Sed

En la Cervecería Modelo de La Plata dan maní gratis. La idea es que el cliente pida cerveza, y en general lo consiguen. Por eso cuando se acaba el maní vuelven a traer. Pero no es eso lo que destaca a la Modelo entre los muchos lugares que tienen esa costumbre. Lo que distingue a la Modelo es que las cáscaras de maní se tiran al piso, lo cual genera un placer inigualable.
En todas las mesas los clientes de la cervecería reciben maní, lo comen y tiran la cáscara al piso. El piso queda cubierto de ellas. Parece el suelo peludo de una peluquería. Al caminar por ese suelo, muchos pisan intencionalmente las cáscaras descartadas para que se genere el ruido crocante característico.
No paré de comer maní en mi visita a la Modelo. Empleé distintas modalidades para descartar las cáscaras. Rompía una y la tiraba al suelo. Rompía varias, juntaba un montón y tiraba todo el montón al piso. Después, cuando me levantaba por cualquier motivo, pisaba con alegría el suelo crocante. Comí cualquier cantidad de maní.
Todo el maní me terminó dando una sed como nunca había sentido. Tenía tanta sed que me tomé toda la gaseosa que pensaba que me duraría la cena entera. Pedí otra, luego una más, luego otra, y otra. La sed no se me iba. Terminé las existencias de gaseosa, y tuve que pedir cerveza, a pesar de que no acostumbro tomarla. La sed resistió a las cervezas y a todas las otras bebidas. Llegó un momento en el que me echaron del baño porque no paraba de tomar agua de la canilla. Me tuve que ir del lugar, pero mi sed seguía intacta.

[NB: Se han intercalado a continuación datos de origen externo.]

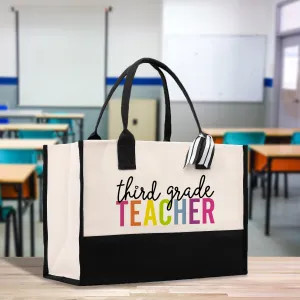 Third Grade Teacher Cotton Canvas Tote Bag Gift for Teachers Teacher Life Tote Bag Teacher Appreciation Gift Bag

Vacié los quioscos y estaciones de servicio en el camino hacia la autopista, sin que mi sed sufriera modificaciones. Al contrario, era cada vez mayor. Estaba tan desesperado que cuando pasé por los piletones del sistema de distribución de agua, me bajé de la autopista y me tomé toda el agua. La sed se calmó un poco, pero minutos después volvió en todo su esplendor. Entonces salí definitivamente de la autopista, me interné en el Río de la Plata y me lo bebí completo.
Bebí también el Riachuelo y el arroyo Maldonado. Mi sed seguía aumentando.
La desesperación que tenía era enorme. Ya no me hacía nada tomarme una botella de agua o un bidón de veinte litros. La sed ni se mosqueaba con esas cantidades. Me tomé los lagos de Palermo y el Parque Centenario, luego me fui hasta el delta del Tigre y bebí, así como venían, el Paraná y el Uruguay.
Como no era suficiente, fui hacia el otro lado y me tomé el océano Atlántico, luego el Índico y más tarde el Pacífico. Pero el agua salada me hizo peor. La sal me dio aún más sed, y tuve que ir a las altas montañas, a los deshielos, a los grandes lagos y a todos los ríos del mundo.
Cuando terminé de beber el último río, noté que la sed se estaba yendo. Bebí los últimos sorbos lentamente, hasta que sentí que me saciaba. En ese momento suspiré aliviado y me relajé. Pero me duró poco tiempo, porque al relajarme me vinieron ganas de ir al baño, y supe que todavía faltaba la mitad de la experiencia.